- **Work item**
Reproduce, exactly and in full, the lines from the one with "So we're gonna" through the one with "If you want" in the data below; drop pictures.

- **Dataset extract**
-- Opening Marker --

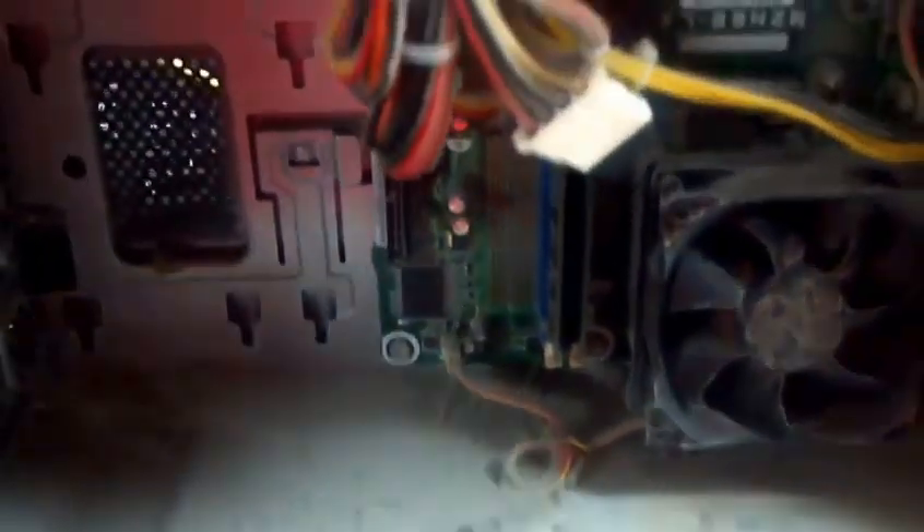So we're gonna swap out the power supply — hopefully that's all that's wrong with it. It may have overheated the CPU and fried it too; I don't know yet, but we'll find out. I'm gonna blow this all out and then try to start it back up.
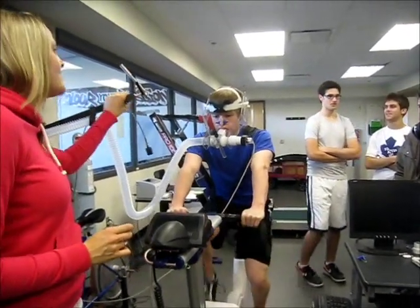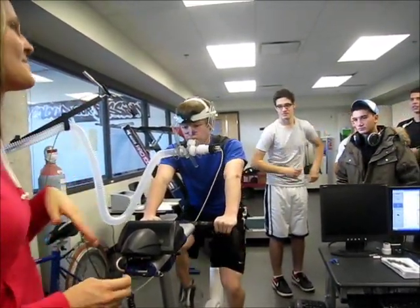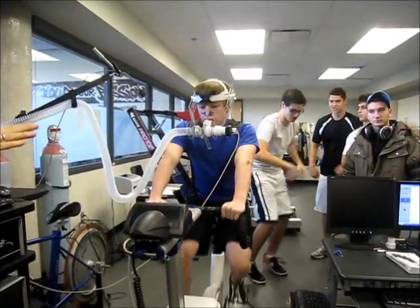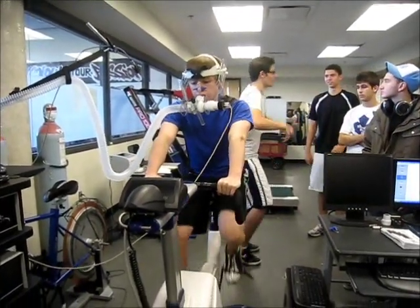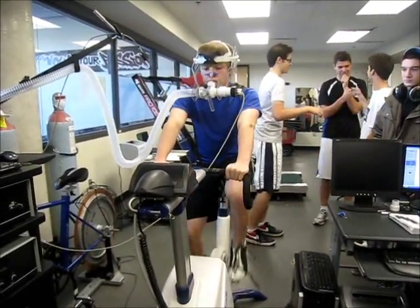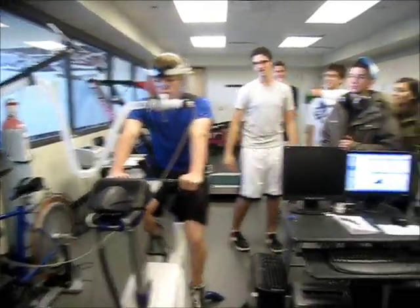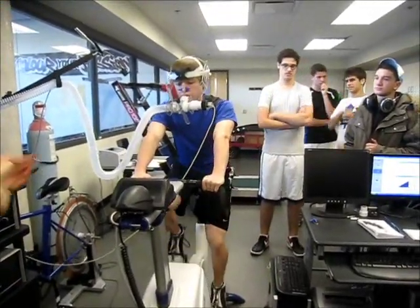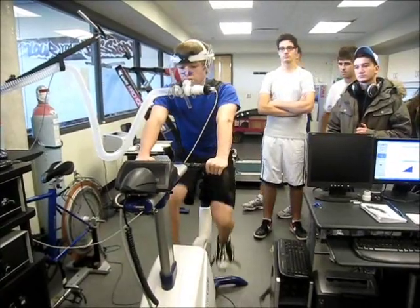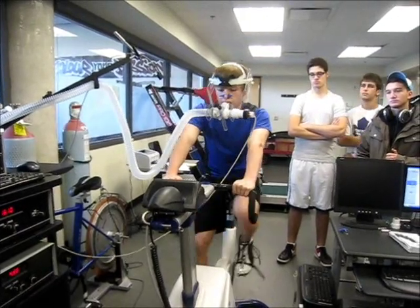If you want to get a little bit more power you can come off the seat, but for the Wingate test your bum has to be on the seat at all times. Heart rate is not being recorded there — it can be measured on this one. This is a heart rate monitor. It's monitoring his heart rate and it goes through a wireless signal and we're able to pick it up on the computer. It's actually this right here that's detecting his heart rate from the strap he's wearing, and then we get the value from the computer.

-- Closing Marker --
-- Opening Marker --

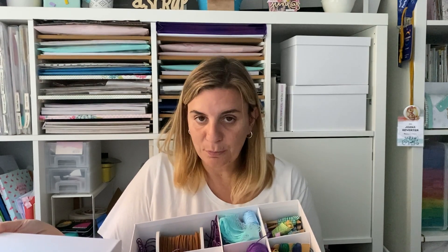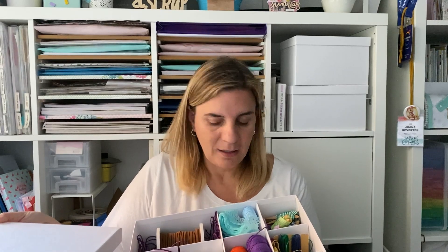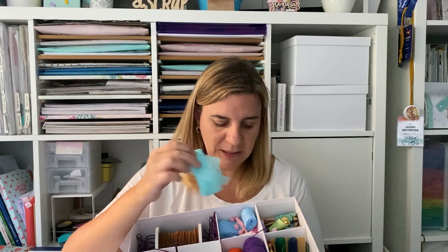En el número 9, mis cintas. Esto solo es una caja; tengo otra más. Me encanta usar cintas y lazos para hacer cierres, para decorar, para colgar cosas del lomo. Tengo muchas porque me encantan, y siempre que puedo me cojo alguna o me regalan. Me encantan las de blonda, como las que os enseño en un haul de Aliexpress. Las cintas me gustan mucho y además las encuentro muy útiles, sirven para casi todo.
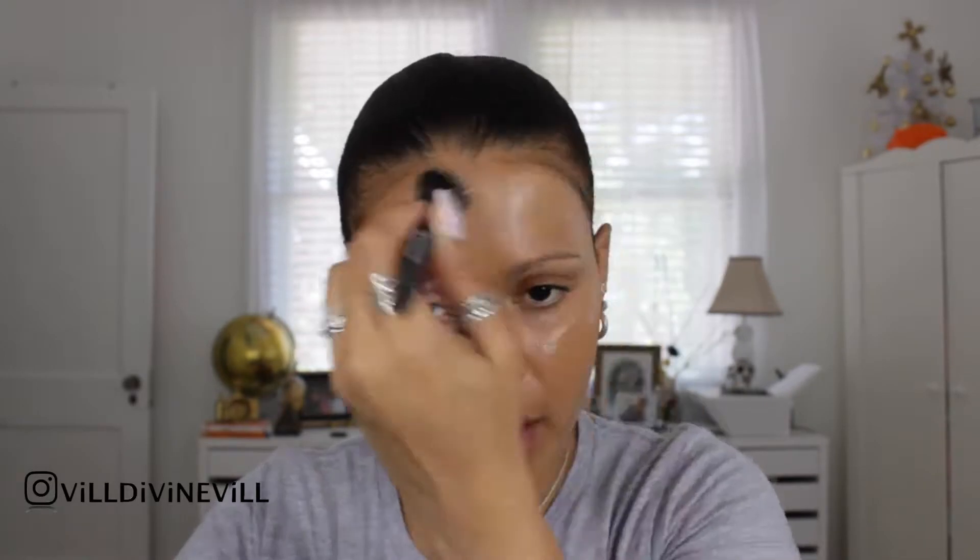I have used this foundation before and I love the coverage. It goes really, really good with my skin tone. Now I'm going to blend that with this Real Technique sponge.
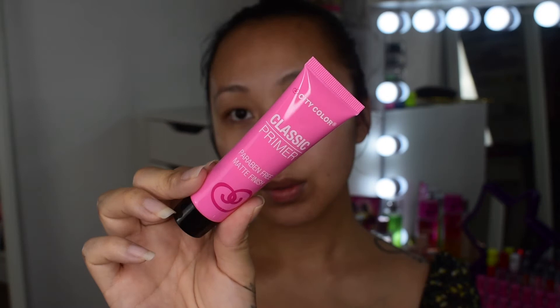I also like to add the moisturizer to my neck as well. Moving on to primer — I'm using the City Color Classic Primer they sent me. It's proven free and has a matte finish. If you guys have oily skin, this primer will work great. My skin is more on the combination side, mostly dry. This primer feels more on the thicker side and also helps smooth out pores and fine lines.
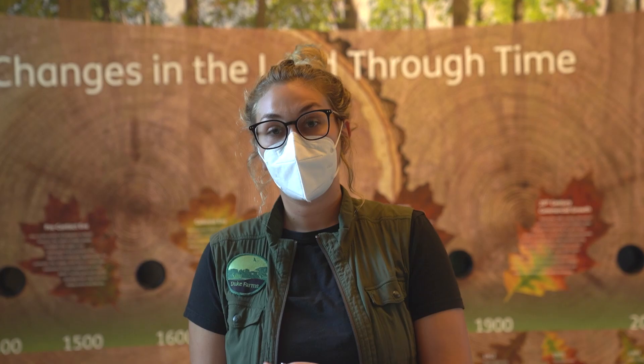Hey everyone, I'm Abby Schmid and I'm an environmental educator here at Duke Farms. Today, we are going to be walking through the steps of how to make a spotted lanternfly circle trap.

-- Closing Marker --

- **Answer to the problem**
So we're gonna swap out the power supply — hopefully that's all that's wrong with it. It may have overheated the CPU and fried it too; I don't know yet, but we'll find out. I'm gonna blow this all out and then try to start it back up.
If you want to get a little bit more power you can come off the seat, but for the Wingate test your bum has to be on the seat at all times. Heart rate is not being recorded there — it can be measured on this one. This is a heart rate monitor. It's monitoring his heart rate and it goes through a wireless signal and we're able to pick it up on the computer. It's actually this right here that's detecting his heart rate from the strap he's wearing, and then we get the value from the computer.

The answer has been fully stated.